Manatee County Circuit Court Judge Lon Arend handed down the sentence in a courtroom filled with Shannon’s friends and family and the friends and family of the victim, 83-year-old Madelyn Dakin, of Michigan.
Dakin’s husband of 67 years, Gerald, testified during the sentencing hearing that his wife was going to get laundry from their condo rental at Cedar Cove in Holmes Beach when she was struck by a vehicle on Feb. 10, 2021. He said that he tried to give his wife CPR before paramedics arrived at the scene of the accident.
A Holmes Beach Police Department report states that witnesses saw a woman matching Shannon’s description get out of her vehicle, run over to check on Dakin and then get back in the vehicle, fleeing the accident scene.
After Shannon’s vehicle was identified by Holmes Beach police officers using the city’s license plate reader camera system, officers attempted to locate her. After a warrant was issued for her arrest, her attorney contacted officers, giving them a general location of her vehicle on Feb. 11. Shannon turned herself into Bradenton police officers later the same day.
During the June 20 hearing, Dakin’s husband, one of her four sons and Shannon’s psychiatrist all testified, along with others.
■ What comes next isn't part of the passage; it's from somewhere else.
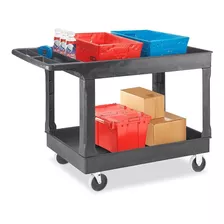 Carrito Utilitario - 114x64x84 Cm, Negro - H-2504bl - Uline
Shannon’s attorney, Ronald Filipkowski, asked for Arend to take Shannon’s mental health into consideration when sentencing and reduce the sentence from a mandatory minimum of four years to supervised probation with community service.
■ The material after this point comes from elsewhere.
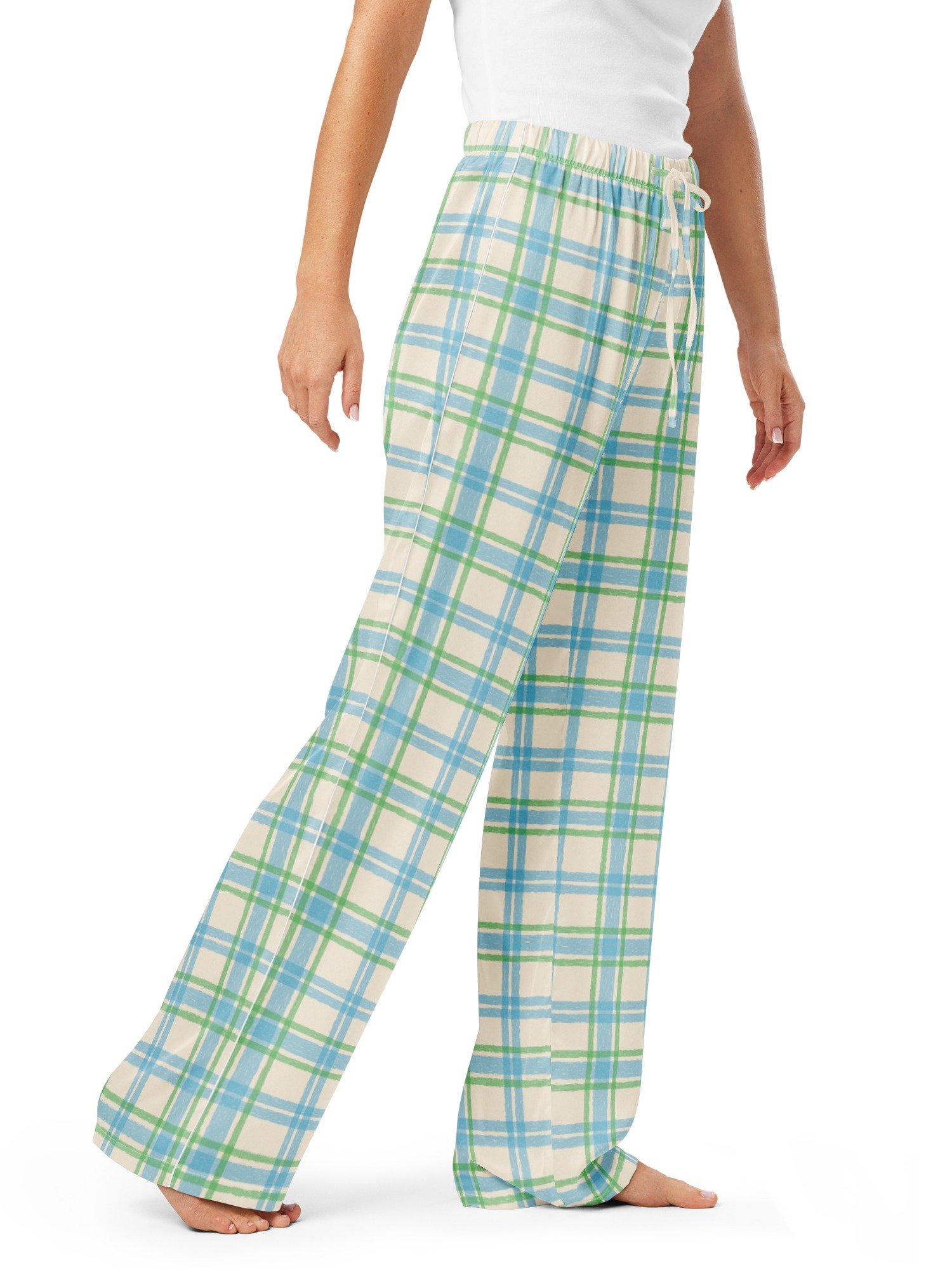 Cozy Women's Pajama Pants in Soft Pastel Plaid product image (1)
Prosecutors asked for a penalty of 15 years in prison.
“There’s no winners here,” Filipkowski said. “This will affect her forever.”
Shannon spoke in her defense, saying that she’s sorry for what happened and that there was nothing she could have done to help Dakin after the accident.
“I am not okay,” she said. “I’m not okay with any of this. It never should’ve happened.”
Shannon went on to pledge to advocate for safer streets for motorists and pedestrians and asked Arend and Dakin’s family to consider the toll the accident has had on her mental health and what a prison sentence would do to her future.
“I didn’t see her,” Shannon said. “I didn’t have time to brake.”
She went on to say that she felt she went into some type of fugue state when she left the scene of the accident and was unconscious for several hours afterwards.
“It’s been a difficult afternoon for everyone here,” Arend said. “Had you stayed at the scene, I wouldn’t be involved.”
He said that with Shannon’s history of driving under the influence that he didn’t feel the accident resulting in Dakin’s death was an isolated incident but that he felt a penalty of 15 years was too steep.
Shannon remains in the custody of the Manatee County Sheriff’s Department.